I also need to write a function that returns the possible actions given a `Roll` and a `roll_number`. One of these actions is "score", which a player can do given any `Roll` and `roll_number`, and is required to do if the `roll_number` is 3. Actually "score" normally allows one of several actions, given by the outputs of the scoring function described above. The other actions involve leaving some number of the five dice on the table, so the others can be re-rolled if the turn is not over.

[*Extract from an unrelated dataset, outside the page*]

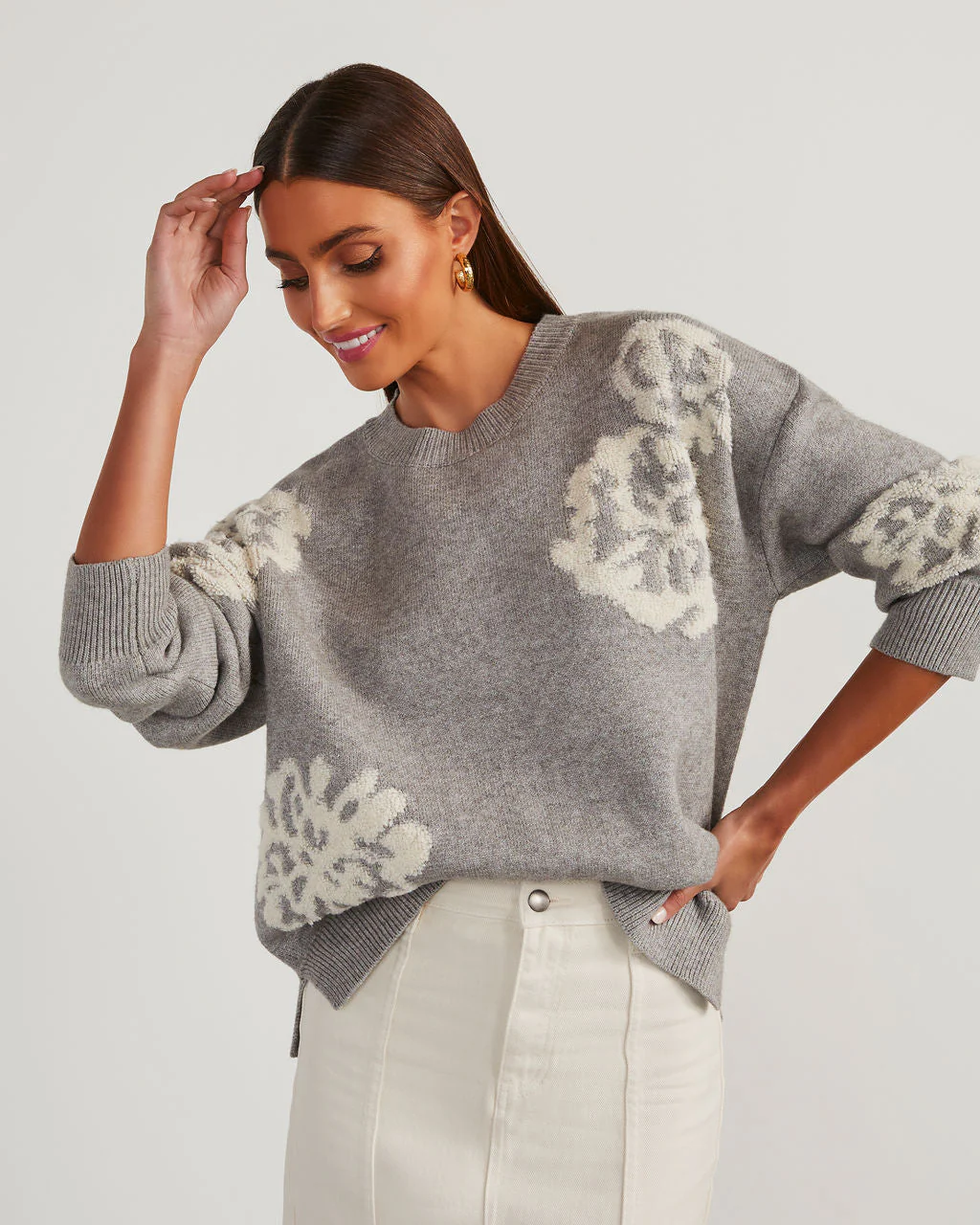 Copeland Floral Contrast Pullover Sweater - Image 9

These last actions are easy to encode: I can just write them as a subset of $\{1, 2, 3, 4, 5\}$, denoting the positions of dice to leave alone; there are 31 possibilities (choosing the whole set means some "score" action is chosen instead of re-rolling).

Finally, I need to write code that actually plays the game by executing the rolls sequentially and calculates scores given the player's actions; i.e., I need to write the reward function.

In [2]:
class Box(Enum):
    Ones = "ones"
    Twos = "twos"
    Threes = "threes"
    Fours = "fours"
    Fives = "fives"
    Sixes = "sixes"
    ThreeOfAKind = "three_of_a_kind"
    FourOfAKind = "four_of_a_kind"
    FullHouse = "full_house"
    SmallStraight = "small_straight"
    LargeStraight = "large_straight"
    Yahtzee = "yahtzee"
    Chance = "chance"

In [3]:
class Die:
    def __init__(self, value: int):
        if value in range(1, 7):
            self.value = value
        else:
            raise ValueError("Value must be an integer from 1 to 6.")
    
    def __repr__(self):
        return f"Value = {self.value}"

In [4]:
@dataclass(frozen=True)
class RollAction:
    dice_positions_to_keep: Tuple

@dataclass(frozen=True)
class ScoreAction:
    score: int
    dice_positions: Tuple
    box: Box

In [5]:
class Roll:
    def __init__(self, *values):
        self.values = values
        self.dice = [Die(v) for v in values]
    
    def __repr__(self):
        return f"Values = {', '.join([str(d.value) for d in self.dice])}"
    
    def dice_positions(self, value) -> Tuple:
        return tuple(pos for pos, v in enumerate(self.values) if v == value)
    
    @property
    def value_counts(self):
        result = defaultdict(int)
        for v in self.values:
            result[v] += 1
        return result
    
    def is_three_of_a_kind(self) -> bool:
        return any([v == 3 for v in self.value_counts.values()])
    
    def is_four_of_a_kind(self) -> bool:
        return any([v == 4 for v in self.value_counts.values()])
    
    def is_full_house(self) -> bool:
        return self.is_three_of_a_kind() and any([v == 2 for v in self.value_counts.values()])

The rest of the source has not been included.